Ebola has been winning this from the start. Since the outbreak began in March, the grim reality of the virus’s march through West Africa and beyond has been laid out in a growing string of data points, the graph showing the number of cases swooping upward in that telltale pattern of exponential growth. The outbreak broke 10,000 cases right around the time the World Health Organization warned of a future with 10,000 cases a week. This isn’t just a fight; this is a war. Which is why, if we are going to beat Ebola, we are going to need an army.
But not the 4,000 troops President Obama recently made available to be sent to countries ravaged by the epidemic. To outsmart the virus, we must raise an army to fight Ebola where it counts the most: inside the body.

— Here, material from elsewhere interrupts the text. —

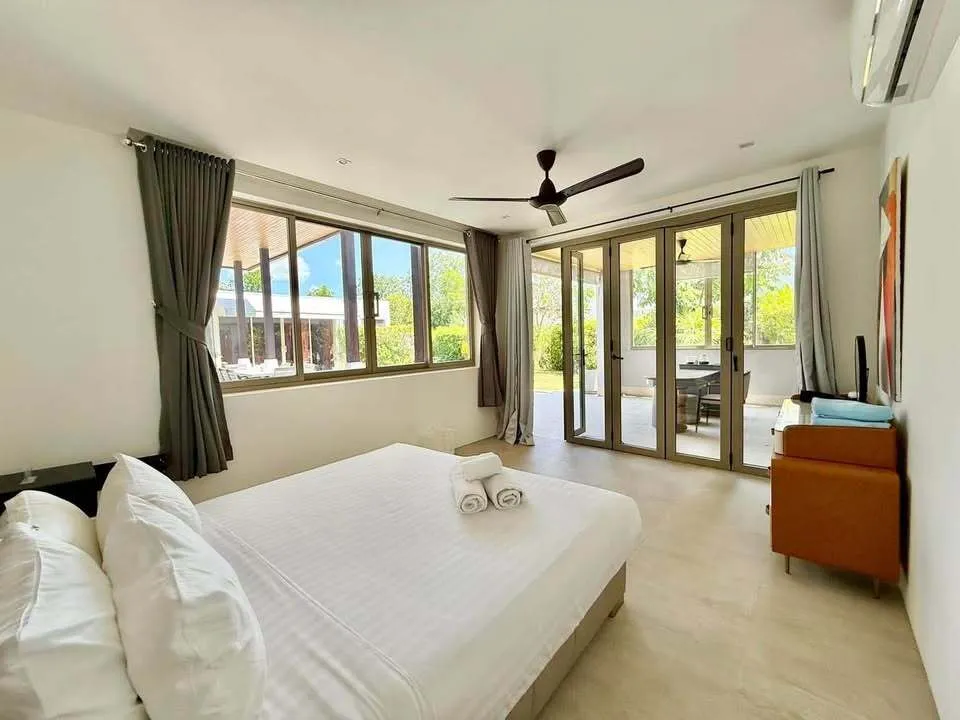 Luxury 4-Bedroom Villa for Rent in Botanica, Phuket — Thumbnail 11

Treatment saves those already infected, but vaccines stop the spread of the virus. Treat Ebola and you may save the patient, but not before the virus has ample opportunity to jump to a caretaker or neighbor or someone else. The only way to end the war is to stop infections from happening in the first place.
There are at least two promising vaccines in the pipeline. These vaccines will need to train the elegant and maddeningly complicated defense systems of the human body to find and destroy Ebola virons before they can get a hold inside the body.
Your body, in all of its warm, wet, and dark wonder, makes a great home for many organisms looking to get out of the cold, bright, dry world around them. Life arose from the ocean, and we carry a reminder of that precious, ancient home inside our skin as we move about through our desiccant world on land; naturally, we’re an appealing place to try to break into.
This isn’t always terrible. We form alliances with many microorganisms — such as the beneficial gut microbes we rely on for digestion. But not all guests are so well behaved. Some of them act like squatters who occasionally deface property; others slip in and set fire to everything in their sights. And your immune system must be able to remember the faces of all the inimical intruders.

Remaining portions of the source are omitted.